また、第2のケースで用いる減衰構造体8は、空隙率96%、透水係数13.7cm/s、厚さ2.5cmの不織布よりなる透水マットより構成し、図5(b)に示すように、免震ピット側壁5全面に固着している。
上述する2ケースの浮体式免震構造物1について、様々な周波数で正弦波加振を行った際の、各ケースの水平振動に対する加速度伝達関数を図6に示す。付加減衰機構を備えていない第1のケースでは、周波数1.1Hzでの加速度応答倍率の最大値は22.6に達し、等価減衰係数はわずか2.2%である。これに対し、免震ピット側壁5に減衰構造体8を固定し、付加減衰機構を備える第2のケースでは、最大応答倍率は4.2に低減され、等価減衰係数は11.9%となっており、高い減衰効果を発揮している様子がわかる。

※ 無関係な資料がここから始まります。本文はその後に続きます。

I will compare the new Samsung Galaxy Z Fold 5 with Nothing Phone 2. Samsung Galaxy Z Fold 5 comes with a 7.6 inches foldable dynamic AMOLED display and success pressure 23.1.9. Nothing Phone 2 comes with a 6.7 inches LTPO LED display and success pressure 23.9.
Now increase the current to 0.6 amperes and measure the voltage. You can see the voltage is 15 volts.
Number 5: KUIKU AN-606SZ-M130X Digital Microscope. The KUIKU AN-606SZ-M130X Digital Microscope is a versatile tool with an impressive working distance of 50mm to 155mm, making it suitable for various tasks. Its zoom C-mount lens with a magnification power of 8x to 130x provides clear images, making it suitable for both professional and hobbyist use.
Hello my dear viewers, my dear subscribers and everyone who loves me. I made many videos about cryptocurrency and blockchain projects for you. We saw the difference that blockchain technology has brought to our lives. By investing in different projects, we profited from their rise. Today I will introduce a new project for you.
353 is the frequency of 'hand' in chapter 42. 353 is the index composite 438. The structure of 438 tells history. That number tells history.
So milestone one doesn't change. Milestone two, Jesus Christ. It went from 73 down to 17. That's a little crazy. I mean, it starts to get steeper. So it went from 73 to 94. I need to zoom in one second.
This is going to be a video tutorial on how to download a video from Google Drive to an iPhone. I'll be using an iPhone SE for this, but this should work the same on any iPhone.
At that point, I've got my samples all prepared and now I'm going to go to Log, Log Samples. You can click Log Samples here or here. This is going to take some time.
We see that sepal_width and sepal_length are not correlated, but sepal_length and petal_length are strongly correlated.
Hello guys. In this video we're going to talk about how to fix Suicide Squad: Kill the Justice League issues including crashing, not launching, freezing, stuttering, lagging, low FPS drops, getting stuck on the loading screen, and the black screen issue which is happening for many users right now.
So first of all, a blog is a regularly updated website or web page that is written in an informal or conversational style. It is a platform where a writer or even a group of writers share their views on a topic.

このように、浮体構造物本体2の側方に減衰構造体8を配置し、浮体式免震構造物1に付加減衰機構を備える構成は、浮体構造物本体2の両側で交互に生じる、液体6の鉛直流体運動に減衰を与えることに伴い、浮体構造物本体2の水平方向の挙動に対する減衰としても非常に有効に作用することがわかる。
また、これら第1のケース及び第2のケースについて、タフト波、八戸波、エルセントロ波の3種類の典型的な地震波を付与した際の、加速度応答倍率、最大相対変位を、それぞれ図7(a)(b)に示す。なお、加速度応答倍率は、地震の最大入力加速度に対する、構造物の最大応答加速度の比であり、最大相対変位は、最大地盤変位に対する、構造物変位と地盤変位の差の最大値の比である。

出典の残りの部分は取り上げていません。